Пишу тебе, находясь на пределе износа и усталости. Зиму я проболел, особенно тяжело в марте, рано приехал в деревню, аж второго мая. Погода была прекрасной, весна началась в середине марта, но отстояли жаркие дни и началось переменчивое лето, то жара то холод. Особенно холодны ночи, от Енисея тащит стужей, вода все время была большая, это значит увеличилась влага, туманы, холод — стройка коммунизма она ж всегда во вред людям. И хотя Енисей крутит турбины алюминиевой и военной промышленности, проданной за рубеж, каким-то матёрым жидам со зловещей фамилией Черные, братья, и река наша великая продана и кроме вреда, хворей и свары народу нашему от этого всего ничего не видать.
Я продолжаю формировать том 12-й, публицистика, и 13-й, пьесы, киносценарии, отрывки, вариации и т. д., и т. п. Всё это весьма и весьма оказалось громоздко и трудно. Была у меня старая рукопись, вроде как третья книга романа, но замысел ушёл в другое место, в другие дебри, свернул на другие рельсы. Я из той рукописи выписал главы, намереваясь быстренько и ловко состряпать два-три рассказа, но всякий раз меня подхватывала графоманская стихия и волокла в какие-то тёмные края, в непроходимые чащи, и я едва из них выбирался, неся под мышкой повесть «Так хочется жить» и затем «Обертон».
Желая остатки разбитой рукописи употребить как вариант повести «Весёлый солдат», я начал её править, увлёкся, влез вглубь, и вот заканчиваю черновик листов на 8-10. Материал тяжелейший, работа громоздкая. Так вот вместо летнего отдыха сам себе устроил каторгу, лишь на пять дней с сыном сходил в тайгу, передохнуть.

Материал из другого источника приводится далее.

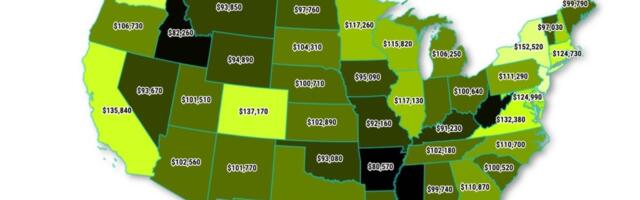 Who (and where) are California’s top-paid bosses?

Все тома я комментирую сам, чтобы было меньше за мной вранья и путаницы и отсебятины, когда будут за гробом трясти мои кости. В твоей рукописи, где эмоции то и дело перехлёстывают здравый смысл, неточностей и всего прочего слишком много. Тебе всенепременно надо прочесть комментарии к томам моего собрания сочинений. На выходе восьмой том. Всего, я думаю, нынче удастся напечатать десять томов, а удастся ли закончить издание, не уверен. Я зимою перешлю тебе для шарьинской библиотеки вышедшие тома, и ты прочтёшь комментарии и, уверен я, сделаешься посдержанней, не станешь, возможно, меня ставить наравне с Буниным. Меня коробят подобные сопоставления и восхваления. Я повторял и повторяю — на безрыбье и Астафьев рыба. Место своё и меру своего дарования я знаю уже твёрдо и не самоуничижаюсь, и для самовозвышения поводов особых нет.